• WHAT THE EXERCISE ASKS
Which lines of the data include the string "chuqur"? List them all.

• RECORDS SHOWN

● ● ● ● ●

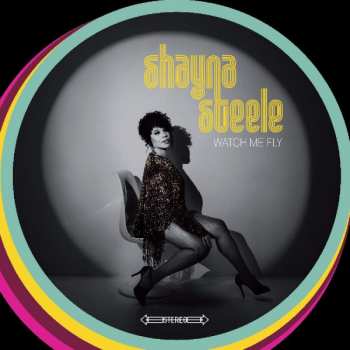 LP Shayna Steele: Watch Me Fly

● ● ● ● ●

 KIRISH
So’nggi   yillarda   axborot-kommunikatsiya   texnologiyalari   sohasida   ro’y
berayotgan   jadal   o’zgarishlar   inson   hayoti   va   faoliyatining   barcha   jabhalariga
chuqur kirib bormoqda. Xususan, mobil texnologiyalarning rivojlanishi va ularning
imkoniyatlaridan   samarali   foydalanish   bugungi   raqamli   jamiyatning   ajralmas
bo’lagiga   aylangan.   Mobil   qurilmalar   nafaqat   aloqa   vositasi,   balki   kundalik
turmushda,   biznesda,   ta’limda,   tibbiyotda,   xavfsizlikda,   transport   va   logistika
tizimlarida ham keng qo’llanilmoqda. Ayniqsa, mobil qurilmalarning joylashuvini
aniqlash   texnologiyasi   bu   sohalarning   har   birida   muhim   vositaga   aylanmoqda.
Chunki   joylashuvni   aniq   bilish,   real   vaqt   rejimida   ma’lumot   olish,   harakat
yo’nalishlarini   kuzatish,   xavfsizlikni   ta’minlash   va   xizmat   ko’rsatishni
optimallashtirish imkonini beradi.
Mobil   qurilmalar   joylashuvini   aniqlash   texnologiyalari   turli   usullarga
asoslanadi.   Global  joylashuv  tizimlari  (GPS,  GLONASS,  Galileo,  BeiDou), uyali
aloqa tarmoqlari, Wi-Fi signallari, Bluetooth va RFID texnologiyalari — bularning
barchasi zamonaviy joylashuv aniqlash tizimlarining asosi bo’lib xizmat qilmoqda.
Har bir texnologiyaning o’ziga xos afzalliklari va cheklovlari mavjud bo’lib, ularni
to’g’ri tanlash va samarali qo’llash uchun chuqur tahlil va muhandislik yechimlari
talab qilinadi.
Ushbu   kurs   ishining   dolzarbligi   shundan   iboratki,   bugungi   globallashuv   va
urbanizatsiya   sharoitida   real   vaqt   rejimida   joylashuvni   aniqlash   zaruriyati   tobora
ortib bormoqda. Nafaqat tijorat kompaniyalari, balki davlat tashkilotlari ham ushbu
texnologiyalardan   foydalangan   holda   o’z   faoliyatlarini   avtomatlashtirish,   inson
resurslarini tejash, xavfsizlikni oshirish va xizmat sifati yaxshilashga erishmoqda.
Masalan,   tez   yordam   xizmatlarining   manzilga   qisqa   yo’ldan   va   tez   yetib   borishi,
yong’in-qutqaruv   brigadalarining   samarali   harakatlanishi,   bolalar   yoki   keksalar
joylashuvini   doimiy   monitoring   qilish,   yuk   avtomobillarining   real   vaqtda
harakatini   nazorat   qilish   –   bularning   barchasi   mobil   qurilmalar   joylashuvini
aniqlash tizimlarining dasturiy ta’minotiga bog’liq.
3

● ● ● ● ●

• OUTPUT BELOW
chuqur kirib bormoqda. Xususan, mobil texnologiyalarning rivojlanishi va ularning
to’g’ri tanlash va samarali qo’llash uchun chuqur tahlil va muhandislik yechimlari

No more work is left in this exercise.